A simple variant of the color histogram shows the relative prevalence of the three color components, quantized to the fixed scale. A more involved approach consists of expanding beyond the RGB color space. HSL model is a natural candidate here. It’s components are meaningful for perceiving humans, and the transformation between RGB and HSL is nonlinear, thus beyond abilities of linear model to learn. Including these values thus brings new information in the recognition task.

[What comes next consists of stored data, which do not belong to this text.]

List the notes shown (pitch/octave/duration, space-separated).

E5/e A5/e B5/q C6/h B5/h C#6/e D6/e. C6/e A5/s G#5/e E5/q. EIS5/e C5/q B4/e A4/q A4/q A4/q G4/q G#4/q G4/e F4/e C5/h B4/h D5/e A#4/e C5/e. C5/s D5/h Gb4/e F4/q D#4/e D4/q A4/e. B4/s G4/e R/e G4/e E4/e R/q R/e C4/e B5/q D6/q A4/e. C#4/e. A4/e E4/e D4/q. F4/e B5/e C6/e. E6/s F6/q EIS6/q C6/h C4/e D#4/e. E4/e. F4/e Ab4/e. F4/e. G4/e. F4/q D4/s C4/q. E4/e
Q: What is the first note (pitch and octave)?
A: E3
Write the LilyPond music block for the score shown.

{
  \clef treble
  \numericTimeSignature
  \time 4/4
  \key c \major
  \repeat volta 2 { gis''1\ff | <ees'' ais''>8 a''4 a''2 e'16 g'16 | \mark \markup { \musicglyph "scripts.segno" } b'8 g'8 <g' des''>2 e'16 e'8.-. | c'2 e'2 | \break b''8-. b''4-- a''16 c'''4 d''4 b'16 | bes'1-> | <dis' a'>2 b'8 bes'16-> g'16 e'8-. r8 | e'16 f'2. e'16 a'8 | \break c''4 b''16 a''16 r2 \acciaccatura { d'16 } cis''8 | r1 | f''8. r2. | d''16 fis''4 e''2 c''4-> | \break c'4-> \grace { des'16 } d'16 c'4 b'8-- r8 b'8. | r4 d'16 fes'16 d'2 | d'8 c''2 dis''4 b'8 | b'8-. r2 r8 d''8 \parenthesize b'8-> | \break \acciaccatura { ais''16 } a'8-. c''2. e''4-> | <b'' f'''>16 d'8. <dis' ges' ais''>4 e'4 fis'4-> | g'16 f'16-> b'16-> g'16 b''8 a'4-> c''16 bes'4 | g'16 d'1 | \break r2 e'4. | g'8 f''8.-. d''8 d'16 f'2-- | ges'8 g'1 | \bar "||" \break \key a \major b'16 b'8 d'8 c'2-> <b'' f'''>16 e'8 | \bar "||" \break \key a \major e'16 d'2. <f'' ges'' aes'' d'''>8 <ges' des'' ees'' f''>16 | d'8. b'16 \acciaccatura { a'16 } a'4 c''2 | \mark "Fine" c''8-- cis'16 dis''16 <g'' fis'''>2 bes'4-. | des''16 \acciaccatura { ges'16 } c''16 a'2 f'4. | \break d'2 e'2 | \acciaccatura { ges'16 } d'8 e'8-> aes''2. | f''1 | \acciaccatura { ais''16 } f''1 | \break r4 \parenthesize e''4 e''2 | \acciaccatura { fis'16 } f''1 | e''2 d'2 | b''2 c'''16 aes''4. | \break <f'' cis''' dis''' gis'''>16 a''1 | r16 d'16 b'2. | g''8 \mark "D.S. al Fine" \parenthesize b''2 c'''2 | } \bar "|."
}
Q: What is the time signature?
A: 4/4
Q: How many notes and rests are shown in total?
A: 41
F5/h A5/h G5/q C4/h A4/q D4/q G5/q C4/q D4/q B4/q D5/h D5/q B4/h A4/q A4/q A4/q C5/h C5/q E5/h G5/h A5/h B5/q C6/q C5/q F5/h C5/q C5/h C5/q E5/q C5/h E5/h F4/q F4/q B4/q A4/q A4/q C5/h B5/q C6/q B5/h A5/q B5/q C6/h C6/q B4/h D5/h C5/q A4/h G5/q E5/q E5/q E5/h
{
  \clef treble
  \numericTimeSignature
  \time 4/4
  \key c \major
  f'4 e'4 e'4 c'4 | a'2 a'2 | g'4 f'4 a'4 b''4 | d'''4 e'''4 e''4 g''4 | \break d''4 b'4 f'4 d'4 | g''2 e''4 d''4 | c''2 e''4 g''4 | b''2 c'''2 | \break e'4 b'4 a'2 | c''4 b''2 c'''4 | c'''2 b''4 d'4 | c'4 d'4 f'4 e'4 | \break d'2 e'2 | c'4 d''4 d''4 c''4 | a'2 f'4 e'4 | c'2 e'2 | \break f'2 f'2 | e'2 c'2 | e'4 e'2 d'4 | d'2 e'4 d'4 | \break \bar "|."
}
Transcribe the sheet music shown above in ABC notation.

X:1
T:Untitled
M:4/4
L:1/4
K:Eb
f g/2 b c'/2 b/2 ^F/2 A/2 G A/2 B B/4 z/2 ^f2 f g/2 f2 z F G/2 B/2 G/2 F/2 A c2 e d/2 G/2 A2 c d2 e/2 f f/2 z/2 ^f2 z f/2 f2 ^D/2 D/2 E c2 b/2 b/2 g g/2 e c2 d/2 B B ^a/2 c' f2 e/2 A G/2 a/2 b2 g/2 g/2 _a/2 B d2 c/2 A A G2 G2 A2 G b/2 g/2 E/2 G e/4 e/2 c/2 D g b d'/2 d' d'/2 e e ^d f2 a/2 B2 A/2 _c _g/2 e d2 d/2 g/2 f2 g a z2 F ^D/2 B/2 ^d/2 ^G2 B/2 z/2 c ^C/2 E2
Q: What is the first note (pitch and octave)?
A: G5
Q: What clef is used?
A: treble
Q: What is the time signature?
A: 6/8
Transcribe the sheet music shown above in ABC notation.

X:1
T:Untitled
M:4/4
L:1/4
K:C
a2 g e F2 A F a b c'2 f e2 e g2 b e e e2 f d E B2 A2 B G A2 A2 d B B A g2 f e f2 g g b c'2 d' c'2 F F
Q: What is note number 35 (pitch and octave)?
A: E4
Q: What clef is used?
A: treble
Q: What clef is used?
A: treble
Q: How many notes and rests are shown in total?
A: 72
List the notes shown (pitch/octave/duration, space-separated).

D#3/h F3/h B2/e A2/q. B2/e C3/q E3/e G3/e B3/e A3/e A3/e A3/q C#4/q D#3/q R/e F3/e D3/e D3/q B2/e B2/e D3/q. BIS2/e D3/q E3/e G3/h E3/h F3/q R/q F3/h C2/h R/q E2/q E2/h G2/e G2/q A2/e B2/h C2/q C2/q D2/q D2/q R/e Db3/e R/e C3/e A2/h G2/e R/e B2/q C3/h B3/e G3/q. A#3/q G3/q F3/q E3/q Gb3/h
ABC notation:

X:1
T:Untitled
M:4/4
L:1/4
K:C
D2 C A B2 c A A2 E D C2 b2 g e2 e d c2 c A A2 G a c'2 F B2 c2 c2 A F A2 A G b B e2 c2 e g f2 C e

The resulting descriptor size is determined by the number of the color channels, and the size of histogram bins. The number of the bins is usually kept low for better generalization. Otherwise, filtering the resultant histogram may be necessary to prevent the effects of the noise.
3.2 Edge Histogram Descriptor
Another way of characterizing the image is by describing its texture. The methods, collectively called texture descriptors, attempt to describe the image in the terms of patterns and their prevalence in the different parts of the image.
For this work, a method called Edge Histogram Descriptor [15] was chosen. It performs the task by cataloguing the prevailing direction of the edges present in the image. This is done by processing the image by a bank of convolution filters and looking for the highest response at each pixel. The distributions of the responses are summarized in the histogram. Depending on the implementation, the descriptor is formed by the histogram of the whole image, several histograms of various subregions of the image, or some combination.
To maintain the rotational invariance, only the whole image histogram is usable in this case. Relaxing this limitation to the invariance to rotation along the z axis (panning), it is possible to employ subregions that are horizontal slices of the image.
4 Experiments
To investigate the benefits of extended descriptors, their efficacy was tested on the data recorded with the real robot. A place recognition was performed, first using the unmodified BoW descriptor (i.e. running FABMAP2 algorithm as implemented in the openFABMAP [8] project), color histogram descriptor, edge histogram descriptor, and possible combinations.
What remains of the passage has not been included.